High vegetable prices may push up retail inflation in near term: RBI Governor
“The near-term outlook is masked by risks to food inflation which might lead to an inflation uptick in November and December. This needs to be watched for second round effects, if any,” Das said.
Reserve Bank of India Governor Shaktikanta Das Friday said high frequency food price indicators “point to an increase in prices of key vegetables which may push retail inflation higher in the near-term”.
“The near-term outlook is masked by risks to food inflation which might lead to an inflation uptick in November and December. This needs to be watched for second round effects, if any,” Das said.
Going ahead, inflation outlook would be considerably influenced by uncertain food prices, Das said while announcing the monetary policy on Friday. “The ongoing rabi sowing progress for key crops like wheat, spices and pulses needs to be closely monitored. Elevated global sugar prices are also a matter of concern,” he said.
Das said global commodity prices, particularly, agricultural commodity prices, have softened, except for rice. For highly import dependent food items like edible oils, international prices continue to remain soft. Domestic milk prices are also stabilising, said Das. “Pro-active supply side interventions by the government are also containing domestic food price pressures. Crude oil has softened considerably, though it may remain volatile,” he said.
Taking into account these factors and on the assumption of normal monsoons, retail inflation is projected at 5.4 per cent for 2023-24, Das said. It is expected to be at 5.6 per cent in Q3 and 5.2 per cent in Q4. Retail inflation for the first quarter of 2024-25 is projected at 5.2 per cent, Q2 at 4.0 per cent and Q3 at 4.7 per cent.
“We have made significant progress in bringing down inflation to below 5 per cent in October 2023 despite occasional blips due to intermittent supply shocks. The summer of 2022 is behind us,” Governor said.
“Inflation will start inching up because food inflation is going to increase. We have seen onion and tomato prices going up again. So, there is no case for even thinking of lowering the repo rate.
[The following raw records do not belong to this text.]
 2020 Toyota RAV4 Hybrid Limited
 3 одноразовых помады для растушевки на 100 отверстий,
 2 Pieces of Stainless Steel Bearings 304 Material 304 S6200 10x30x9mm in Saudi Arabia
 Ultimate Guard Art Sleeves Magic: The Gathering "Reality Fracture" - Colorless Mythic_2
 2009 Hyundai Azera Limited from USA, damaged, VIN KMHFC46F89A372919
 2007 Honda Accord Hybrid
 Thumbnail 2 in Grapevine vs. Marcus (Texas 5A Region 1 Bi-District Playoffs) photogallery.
At the same time, core inflation is around 4 per cent, and therefore, there is no reason for the RBI to increase the rate,” said Madan Sabnavis, chief economist, Bank of Baroda.
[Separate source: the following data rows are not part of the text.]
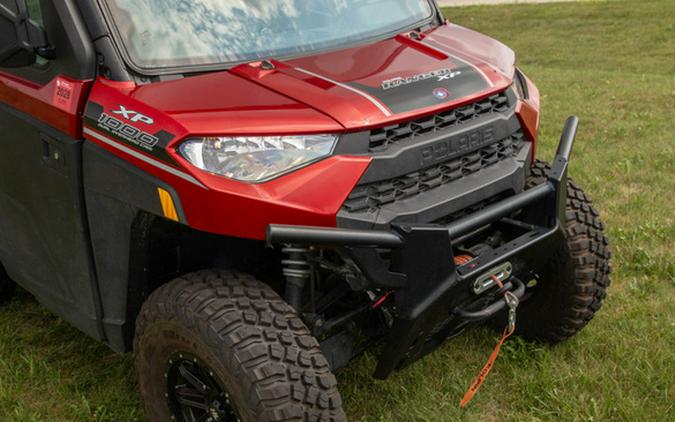 2018 Polaris Ranger XP 1000 EPS NorthStar HVAC Edition Sunset Red Metallic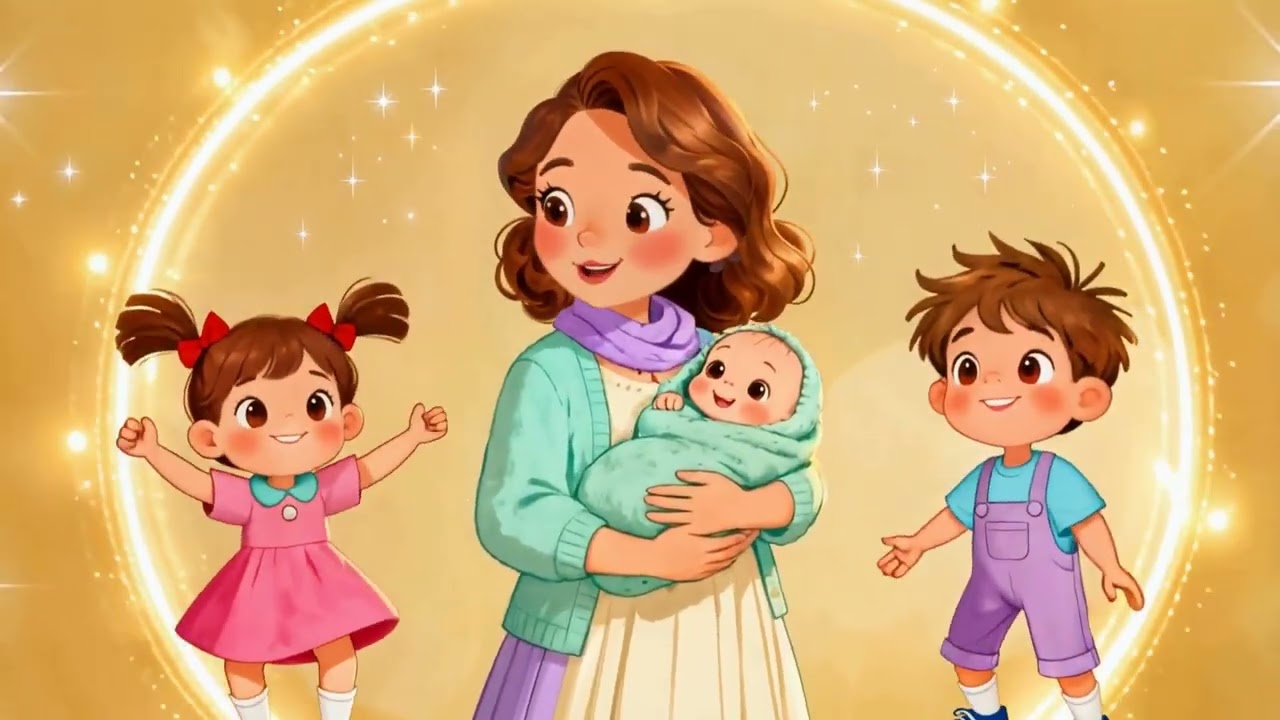 Hello Hollie! 💖 A Happy New Baby Sister Song | Fun Kids Family Song | Caterpillar Kids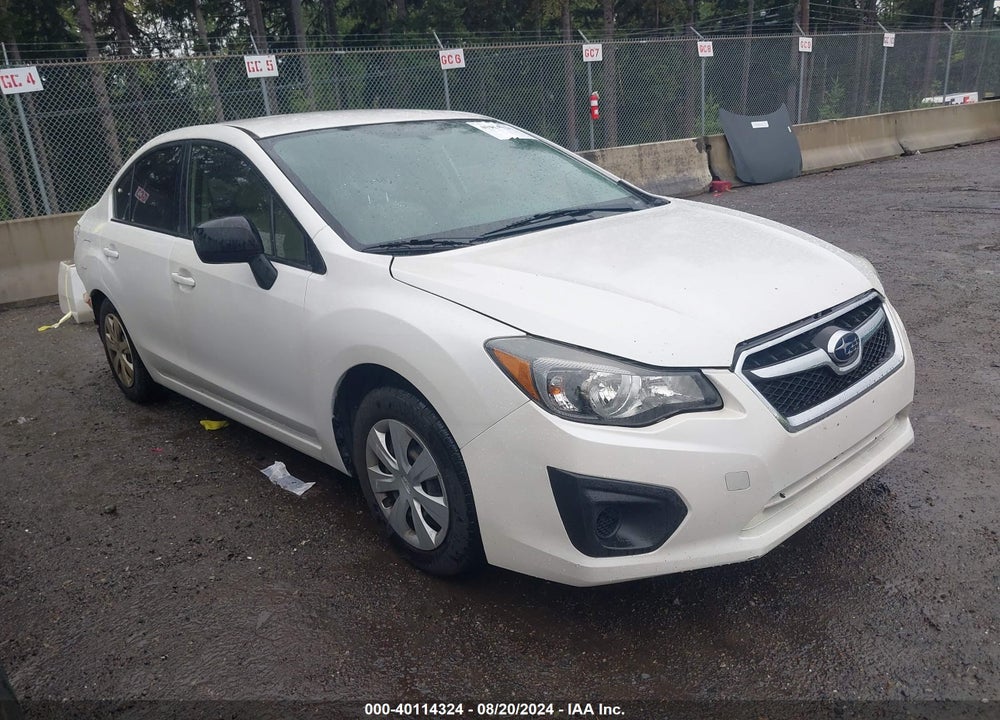 2013 SUBARU IMPREZA 2.0I VIN: JF1GJAA6XDG026919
“Our policy of prioritising inflation over growth, hiking policy rate by 250 basis points in a calibrated manner and draining out excess liquidity have worked well, alongside supply-side measures taken by the government, to bring about this disinflation,” Das said.
“The fact that core inflation has also trended lower and household inflation expectations have become better anchored gives us the confidence and conviction that monetary policy is doing its job. On the other hand, growth remains resilient and robust, surprising everyone on the upside,” Das said.
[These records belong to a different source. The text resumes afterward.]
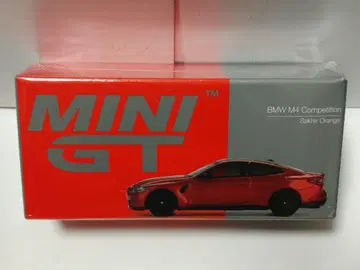 MINI GT 1/64 BMW M4 컴페티션 G82 오렌지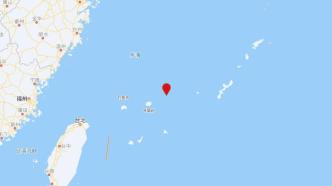 东海海域发生6.4级地震 震源深度170千米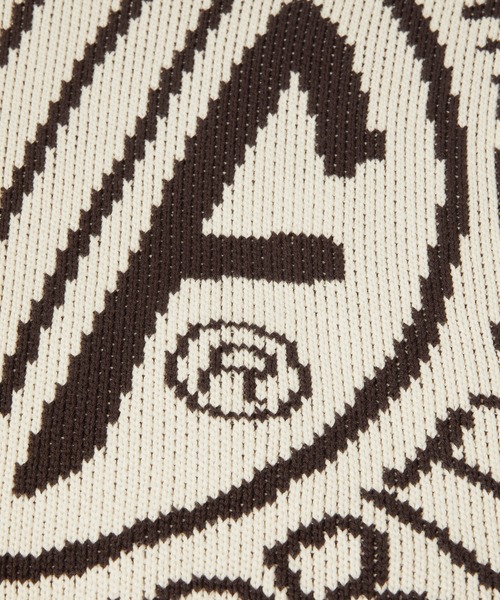 HUF（ハフ）の「TOKEN ZIP HOODED SWEATER（ニット/セーター・メンズ・ネイビー/ライトベージュ・S/L/XL/XXL/M）」の19枚目の写真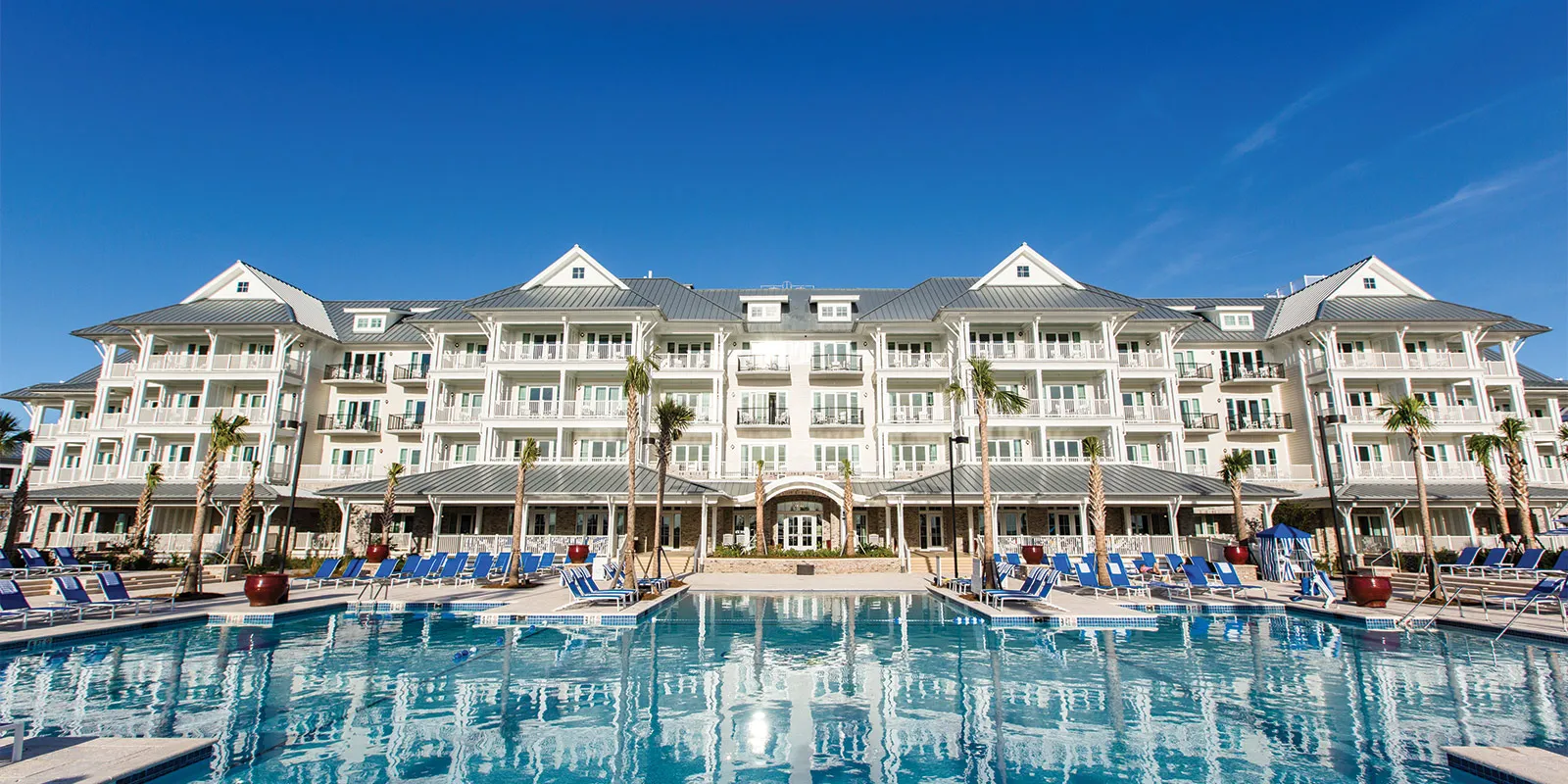 The Beach Club at Charleston Harbor Resort & Marina, Mount Pleasant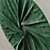 Round Decorative Wall Panel 90cm 3D model small image 3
“Notwithstanding this progress, the target of 4.0 per cent retail inflation is yet to be reached and we have to stay the course,” he said. Headline inflation continues to be volatile due to multiple supply side shocks which have become more frequent and intense.
RBI said the trajectory of food inflation needs to be closely monitored. Intermittent vegetable price shocks could once again push up headline inflation in November and December. While monetary policy would look-through such one-off shocks, it has to stay alert to the risk of such shocks becoming generalised and derailing the ongoing disinflation process. In the midst of these uncertainties, monetary policy has to remain actively disinflationary to ensure a durable alignment of headline inflation to the target rate of 4.0 per cent, while supporting growth, Das said.